== Your goal ==
Could you restate, exactly and with nothing added, the lines from the start of the data through the line that holds "帽子围巾一体帽女2025秋冬季可爱围巾手套连帽加绒保暖围脖三件套", leaving the pictures out?

Caption-style text data
------------------------------------------------

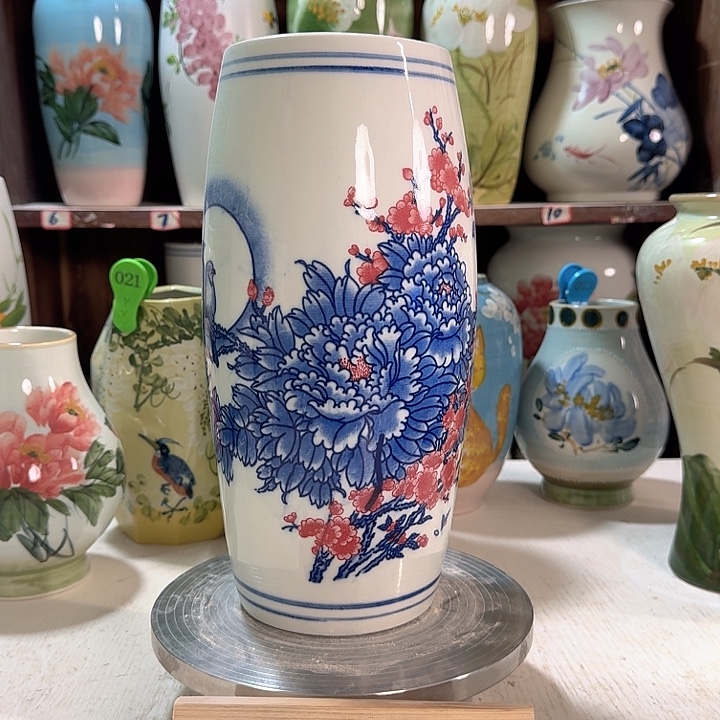 高33腰鼓青花红牡丹新款新款陶瓷陶瓷陶瓷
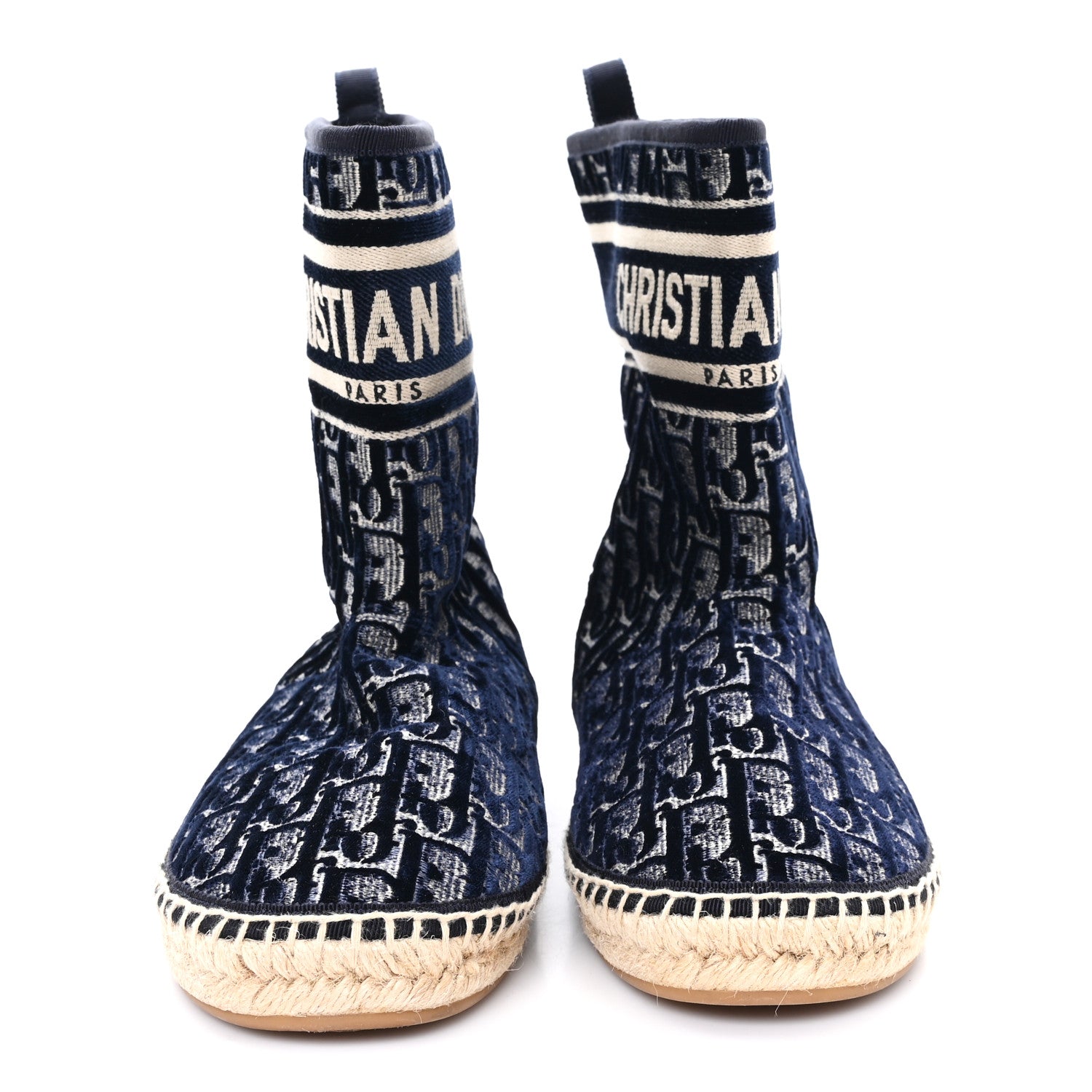 VELVET OBLIQUE GRANVILLE ESPADRILLE BOOTS DEEP BLUE
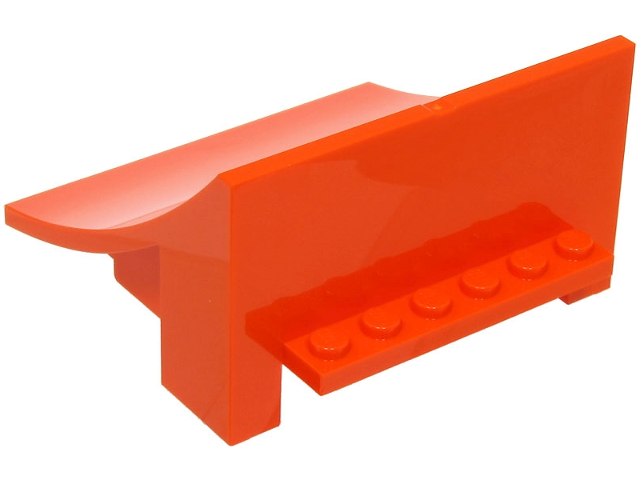 Brick Curved 8 x 8 x 4, Ramp in Reddish Orange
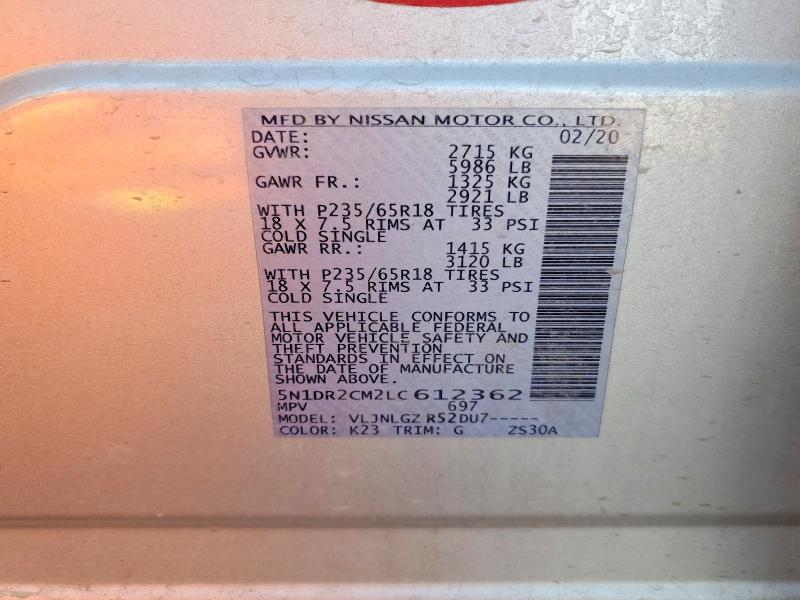 Aukcja sprzedaży 2020 Nissan Pathfinder, vin: 5N1DR2CM2LC612362, numer aukcji: 61744576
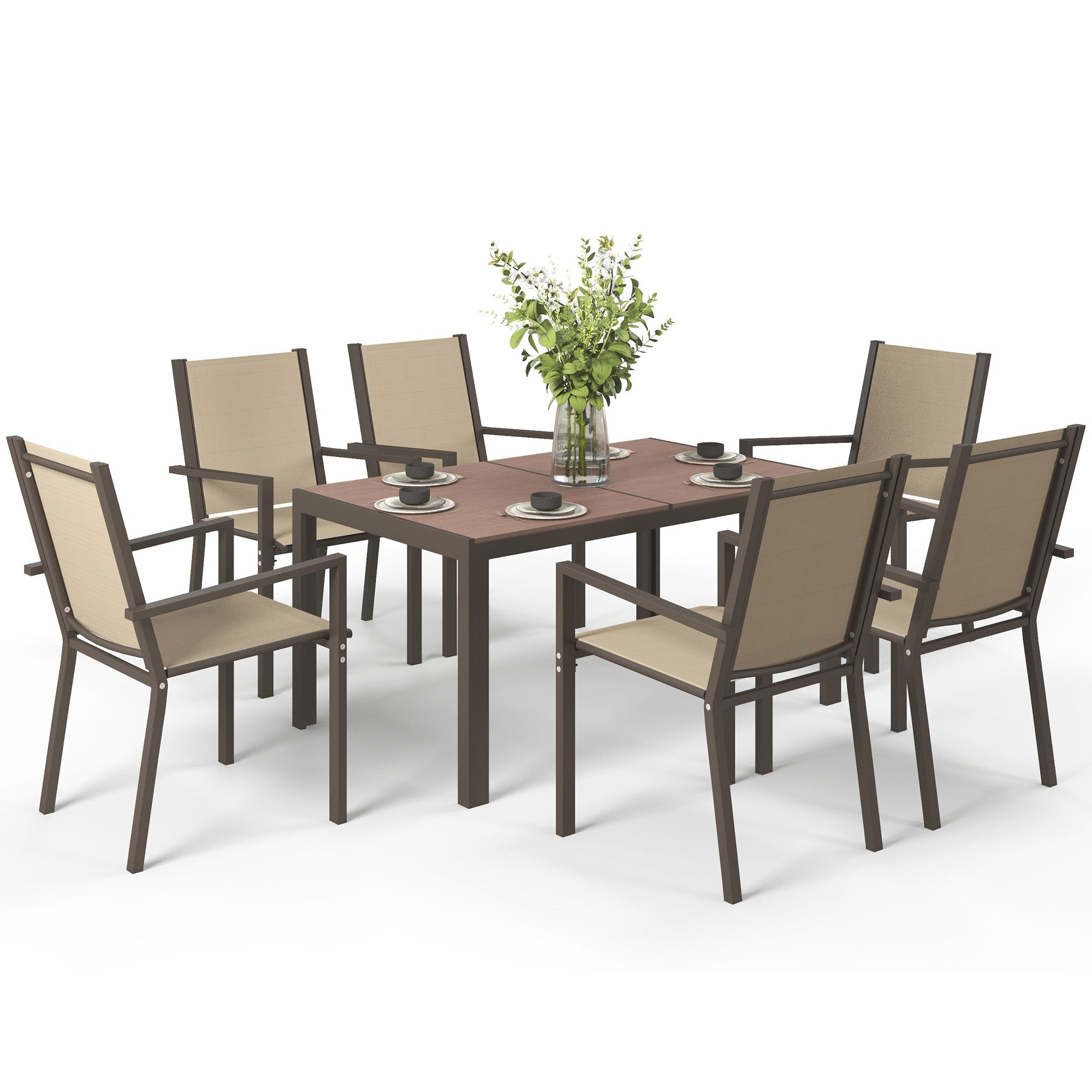 7-Piece Outdoor Dining Set Table and 6 Garden Chairs with Stackable Chairs and Steel Frame for Terrace Patio Khaki and Brown
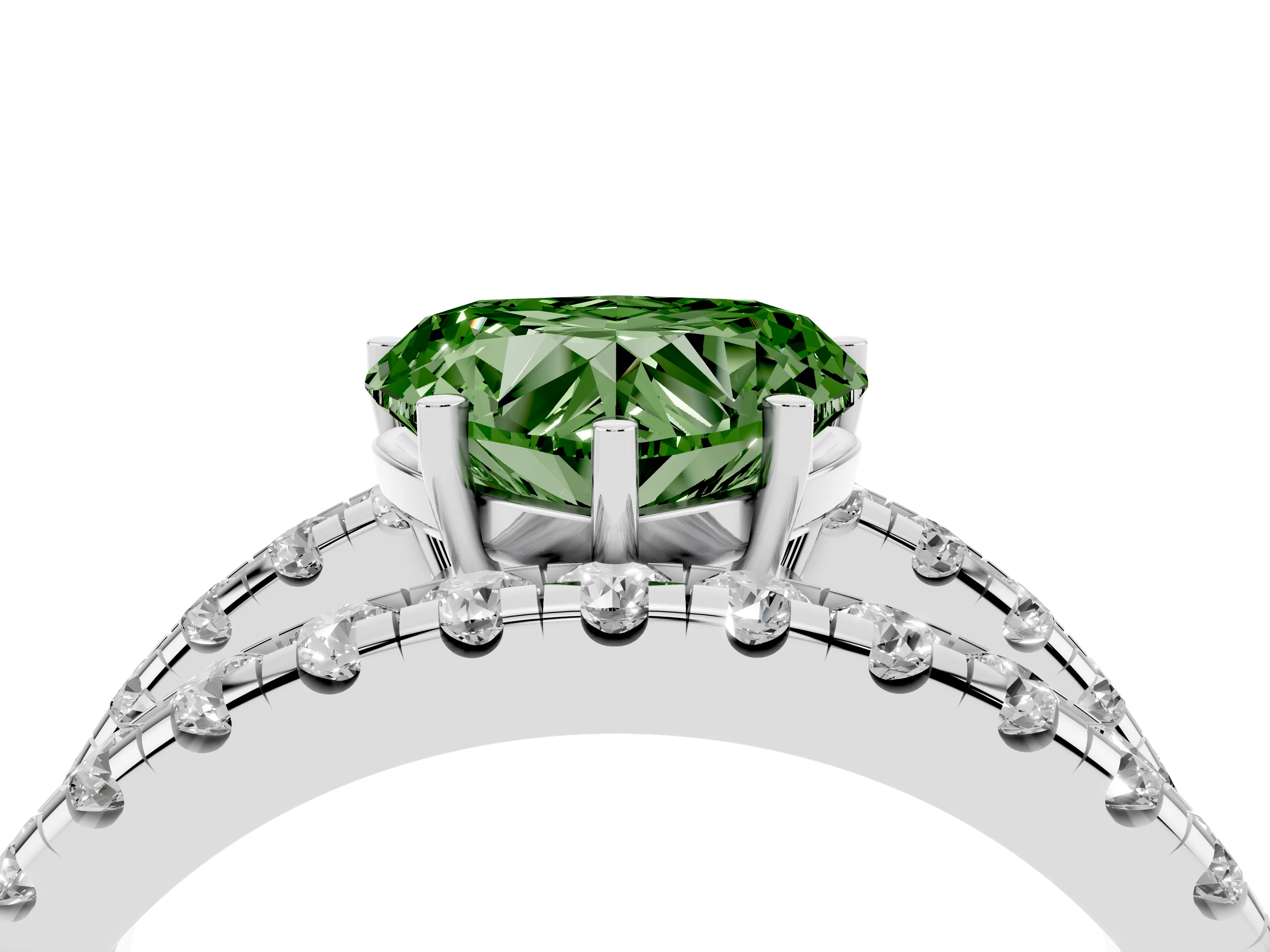 Fancy Green Heart Cut Diamond Split Shank Pavé Solitaire Ring Set in Platinum with Open Shank Design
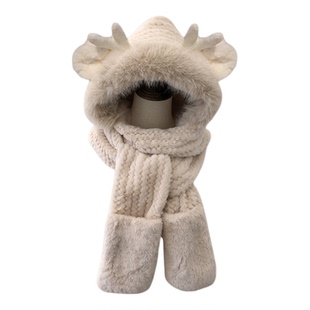 帽子围巾一体帽女2025秋冬季可爱围巾手套连帽加绒保暖围脖三件套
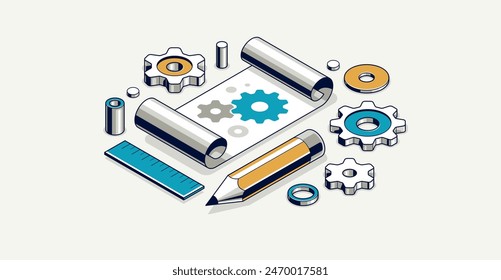 Mechanical engineering project concept, engine draft plan drawing, technical scheme blueprint, paper sheet with gears and pencil 3D isometric vector illustration, repair tutorial.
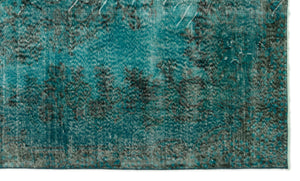 Turquoise  Over Dyed Vintage Rug 5'6'' x 9'3'' ft 168 x 281 cm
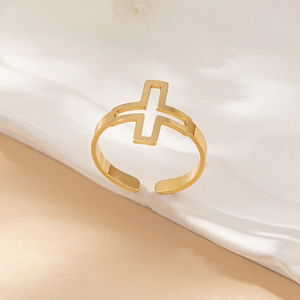 Minimalist gold hollow cross open ring with polished finish in vintage religious style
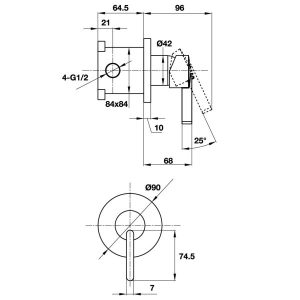 Bộ Trộn Sen Tắm Âm 1 Đường Nước Hafele Roots 495.61.146 - 6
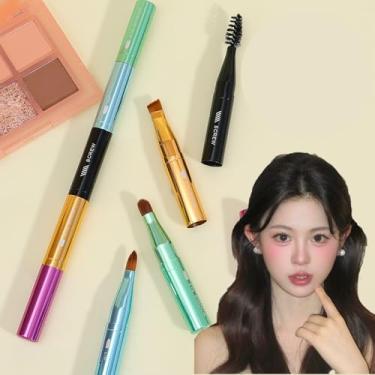 Imagem de Conjunto de pincéis de maquiagem 4 em 1, portátil, tamanho viagem, pincéis de maquiagem, sombra, sobrancelha, parafuso, pincel labial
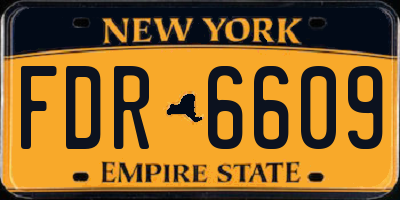 NY license plate FDR6609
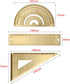 Golden Brass Triangle Ruler Set, Vintage 12cm Straight Ruler Protractor, Math Geometry Education Tool for Students and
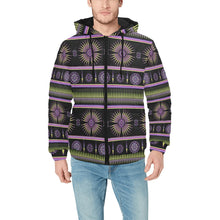 Load image into Gallery viewer, Evening Feather Wheel Men&#39;s Padded Hooded Jacket
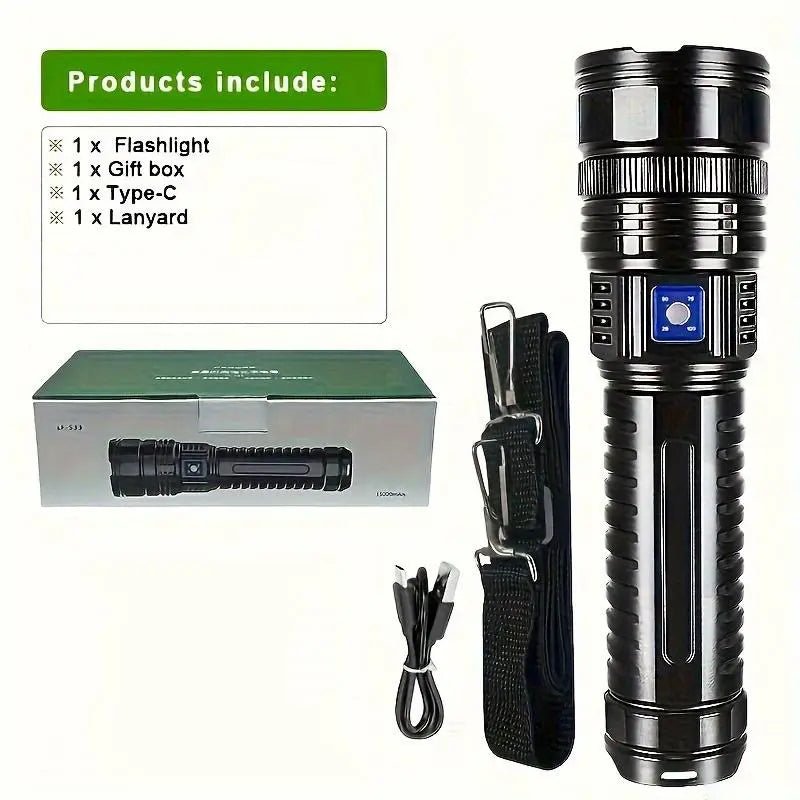 Mroace Rechargeable Zoomable LED Flashlight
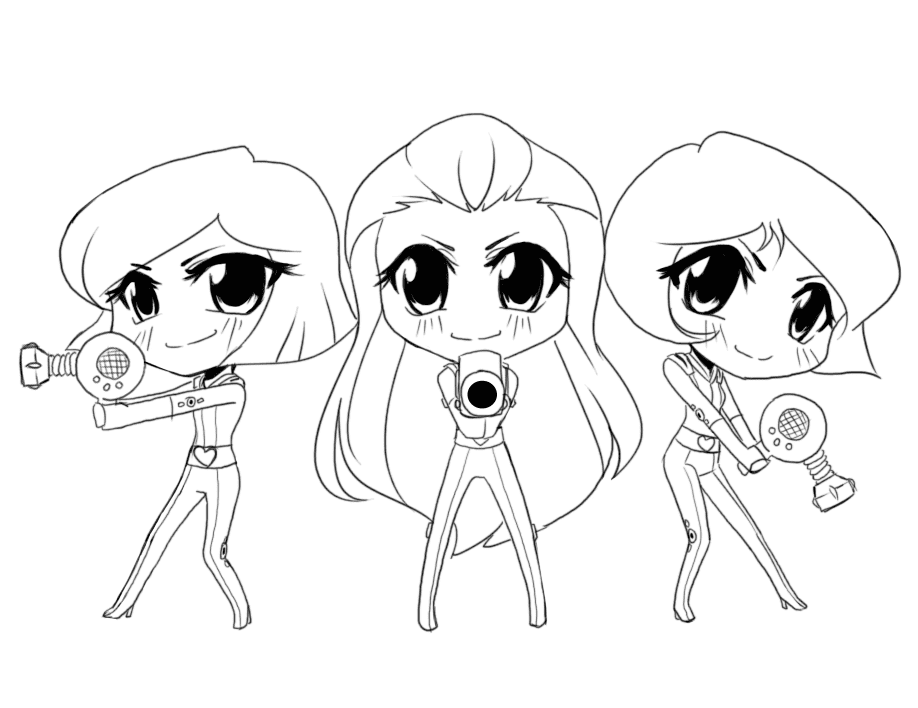 Chibi Totally Spies Coloring Page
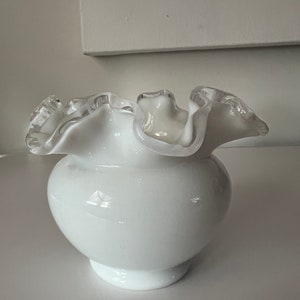 Vintage Fenton Rose Bowl Vase Milk Glass Silver Crested Doubled Crimped Edge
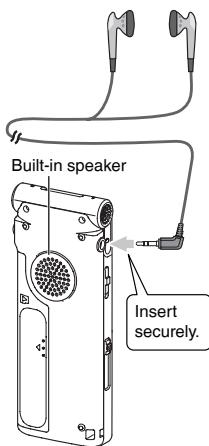 Built-in speaker Insert securely.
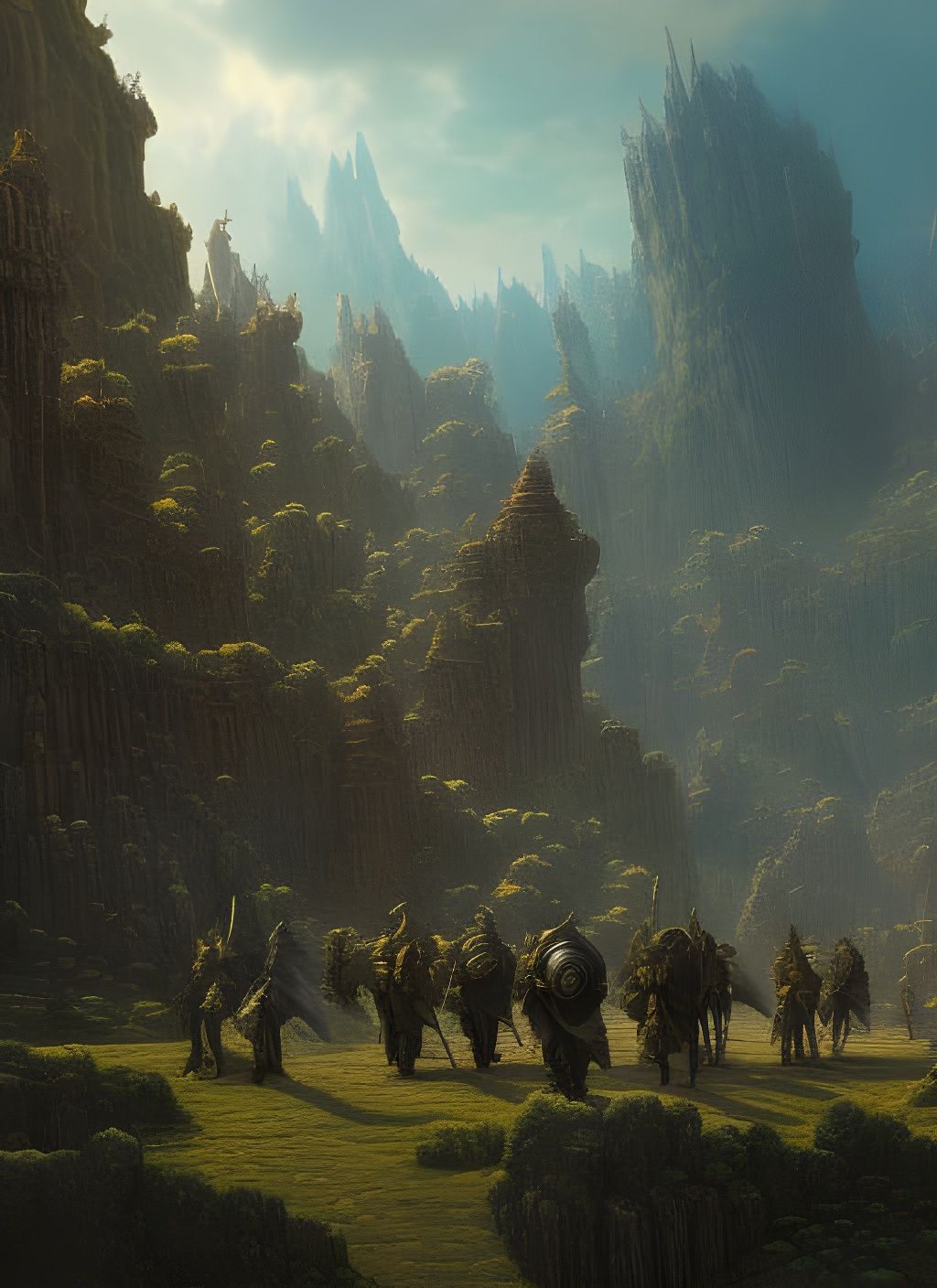 Armored Heroes in Vivid Fantasy Landscape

------------------------------------------------

== Reply ==
 高33腰鼓青花红牡丹新款新款陶瓷陶瓷陶瓷
 VELVET OBLIQUE GRANVILLE ESPADRILLE BOOTS DEEP BLUE
 Brick Curved 8 x 8 x 4, Ramp in Reddish Orange
 Aukcja sprzedaży 2020 Nissan Pathfinder, vin: 5N1DR2CM2LC612362, numer aukcji: 61744576
 7-Piece Outdoor Dining Set Table and 6 Garden Chairs with Stackable Chairs and Steel Frame for Terrace Patio Khaki and Brown
 Fancy Green Heart Cut Diamond Split Shank Pavé Solitaire Ring Set in Platinum with Open Shank Design
 帽子围巾一体帽女2025秋冬季可爱围巾手套连帽加绒保暖围脖三件套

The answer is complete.